| Exercise brief |
Lines from the line with "Bathroom Studio Fatmawati" to the line with "Apartament 5 camere" in the entries below, and only those, must be output exactly, with both ends included.

Source material Block Start

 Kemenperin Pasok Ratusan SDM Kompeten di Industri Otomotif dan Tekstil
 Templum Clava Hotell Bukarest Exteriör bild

Source material Block End
Source material Block Start

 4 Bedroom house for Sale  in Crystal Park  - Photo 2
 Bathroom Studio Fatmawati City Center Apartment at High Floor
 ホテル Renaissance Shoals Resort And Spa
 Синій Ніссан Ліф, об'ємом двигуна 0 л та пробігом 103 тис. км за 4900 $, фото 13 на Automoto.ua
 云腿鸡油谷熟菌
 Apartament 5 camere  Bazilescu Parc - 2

Source material Block End

| Solution to this task |
 Bathroom Studio Fatmawati City Center Apartment at High Floor
 ホテル Renaissance Shoals Resort And Spa
 Синій Ніссан Ліф, об'ємом двигуна 0 л та пробігом 103 тис. км за 4900 $, фото 13 на Automoto.ua
 云腿鸡油谷熟菌
 Apartament 5 camere  Bazilescu Parc - 2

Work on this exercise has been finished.